Berenice Abbott: Photographs

In Toronto at the Art Gallery of Ontario (AGO) from May 23 to August 19, 2012


http://www.ago.net/berenice-abbott-photographs

May 23 – August 19, 2012

The Ryerson Image Centre (Toronto) and the Jeu de Paume (Paris) have co-organized the exhibition Berenice Abbott: Photographs, the first retrospective of the American photographer, Berenice Abbott, presented in France and Canada. Curated by Dr. Gaëlle Morel, Ryerson Image Centre, Berenice Abbott: Photographs will be on view in Paris from February 20 to April 29, 2012, and the exhibition is being presented in Toronto at the Art Gallery of Ontario (AGO) from May 23 to August 19, 2012, in partnership with the Scotiabank CONTACT Photography Festival and the AGO.
Famous for her tireless fight for the recognition of French photographer Eugène Atget, Berenice Abbott is also prominently known for her documentary project Changing New York (1935-39).

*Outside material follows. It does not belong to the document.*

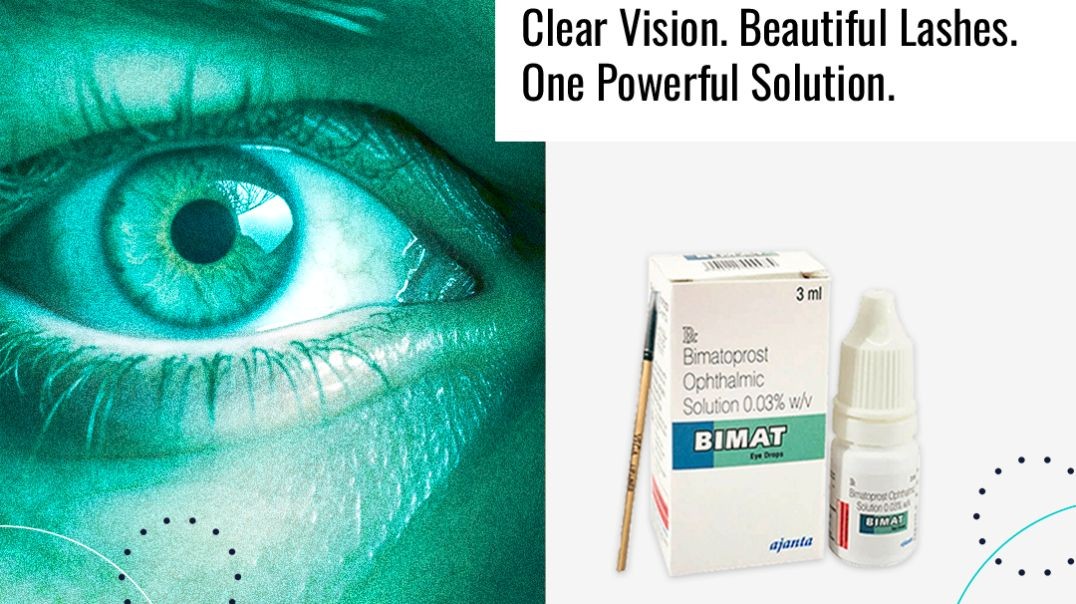 Handle The Problem of Glaucoma Effectually With Bimat 3ml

The exhibition Berenice Abbott: Photographs explores the different stages of Abbott's expansive career through more than 120 photographs. In order to provide a larger context for her œuvre, the exhibition will present her photographic prints alongside a series of never before exhibited personal documents - including letters, book mock-ups, drawings, magazines, and scrapbooks - and a collection of first edition books.
The Ryerson Image Centre and the Jeu de Paume have produced two editions (French and English) of a catalogue edited by Dr. Gaëlle Morel to accompany the exhibition.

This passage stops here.